• WHAT THE TASK ASKS: Set every entry down again precisely.

- - -

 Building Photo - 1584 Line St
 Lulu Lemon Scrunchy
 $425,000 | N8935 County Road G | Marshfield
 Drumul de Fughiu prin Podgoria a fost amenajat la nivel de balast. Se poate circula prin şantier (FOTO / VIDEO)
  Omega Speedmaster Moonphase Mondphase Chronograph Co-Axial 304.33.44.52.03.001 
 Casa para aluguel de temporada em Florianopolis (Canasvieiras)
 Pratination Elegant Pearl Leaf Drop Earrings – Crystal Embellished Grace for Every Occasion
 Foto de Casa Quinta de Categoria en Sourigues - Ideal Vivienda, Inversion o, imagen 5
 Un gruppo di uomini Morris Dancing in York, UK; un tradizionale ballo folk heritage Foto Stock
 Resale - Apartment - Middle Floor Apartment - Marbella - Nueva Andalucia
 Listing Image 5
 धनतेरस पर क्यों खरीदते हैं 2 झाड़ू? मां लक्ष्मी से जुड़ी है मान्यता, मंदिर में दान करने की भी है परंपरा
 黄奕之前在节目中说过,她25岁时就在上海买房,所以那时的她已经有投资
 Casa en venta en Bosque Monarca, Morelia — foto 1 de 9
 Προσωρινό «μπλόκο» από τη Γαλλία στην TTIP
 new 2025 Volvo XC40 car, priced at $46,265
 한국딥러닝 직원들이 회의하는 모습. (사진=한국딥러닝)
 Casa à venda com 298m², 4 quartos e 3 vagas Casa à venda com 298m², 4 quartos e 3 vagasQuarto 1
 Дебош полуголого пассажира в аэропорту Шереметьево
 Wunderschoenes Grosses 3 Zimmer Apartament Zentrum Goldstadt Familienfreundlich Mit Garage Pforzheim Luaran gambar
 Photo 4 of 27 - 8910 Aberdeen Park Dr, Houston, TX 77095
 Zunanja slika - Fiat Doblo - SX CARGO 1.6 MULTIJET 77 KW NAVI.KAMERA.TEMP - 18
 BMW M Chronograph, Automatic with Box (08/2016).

- - -

• RESULT BELOW:
 Building Photo - 1584 Line St
 Lulu Lemon Scrunchy
 $425,000 | N8935 County Road G | Marshfield
 Drumul de Fughiu prin Podgoria a fost amenajat la nivel de balast. Se poate circula prin şantier (FOTO / VIDEO)
  Omega Speedmaster Moonphase Mondphase Chronograph Co-Axial 304.33.44.52.03.001 
 Casa para aluguel de temporada em Florianopolis (Canasvieiras)
 Pratination Elegant Pearl Leaf Drop Earrings – Crystal Embellished Grace for Every Occasion
 Foto de Casa Quinta de Categoria en Sourigues - Ideal Vivienda, Inversion o, imagen 5
 Un gruppo di uomini Morris Dancing in York, UK; un tradizionale ballo folk heritage Foto Stock
 Resale - Apartment - Middle Floor Apartment - Marbella - Nueva Andalucia
 Listing Image 5
 धनतेरस पर क्यों खरीदते हैं 2 झाड़ू? मां लक्ष्मी से जुड़ी है मान्यता, मंदिर में दान करने की भी है परंपरा
 黄奕之前在节目中说过,她25岁时就在上海买房,所以那时的她已经有投资
 Casa en venta en Bosque Monarca, Morelia — foto 1 de 9
 Προσωρινό «μπλόκο» από τη Γαλλία στην TTIP
 new 2025 Volvo XC40 car, priced at $46,265
 한국딥러닝 직원들이 회의하는 모습. (사진=한국딥러닝)
 Casa à venda com 298m², 4 quartos e 3 vagas Casa à venda com 298m², 4 quartos e 3 vagasQuarto 1
 Дебош полуголого пассажира в аэропорту Шереметьево
 Wunderschoenes Grosses 3 Zimmer Apartament Zentrum Goldstadt Familienfreundlich Mit Garage Pforzheim Luaran gambar
 Photo 4 of 27 - 8910 Aberdeen Park Dr, Houston, TX 77095
 Zunanja slika - Fiat Doblo - SX CARGO 1.6 MULTIJET 77 KW NAVI.KAMERA.TEMP - 18
 BMW M Chronograph, Automatic with Box (08/2016).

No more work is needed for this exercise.